***** Provided data

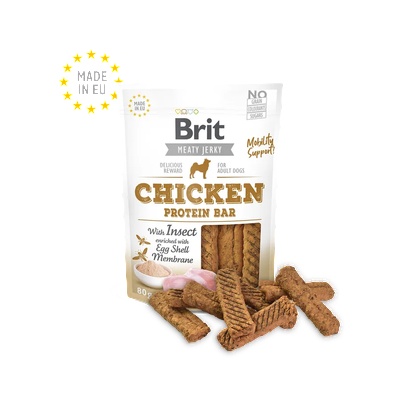 Brit Meat Jerky Snack Protein bar with Insect-пиле и насекоми, 80gr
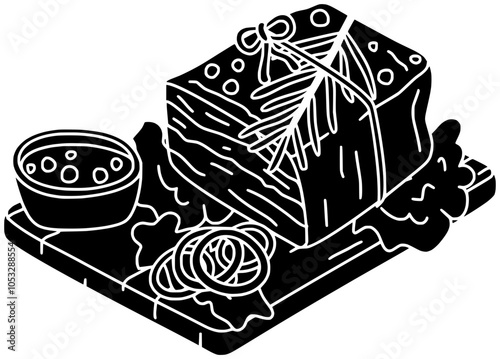 beef illustration meat silhouette jerky logo snack icon food outline dried dry protein smoked energy prepared spicy sliced meal shape for vector graphic background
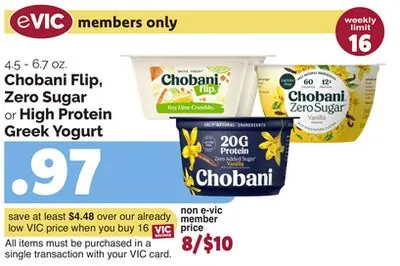 Chobani Flip, Zero Sugar or High Protein Greek Yogurt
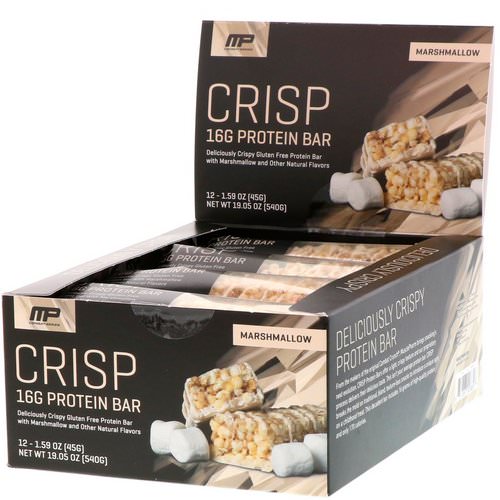 MusclePharm, Combat Crisp Protein Bar, Marshmallow, 12 Bars, 1.59 oz (45 g) Each فوائد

**********

Leave the pictures out and return the rest of the material exactly.

 Brit Meat Jerky Snack Protein bar with Insect-пиле и насекоми, 80gr
 beef illustration meat silhouette jerky logo snack icon food outline dried dry protein smoked energy prepared spicy sliced meal shape for vector graphic background
 Chobani Flip, Zero Sugar or High Protein Greek Yogurt
 MusclePharm, Combat Crisp Protein Bar, Marshmallow, 12 Bars, 1.59 oz (45 g) Each فوائد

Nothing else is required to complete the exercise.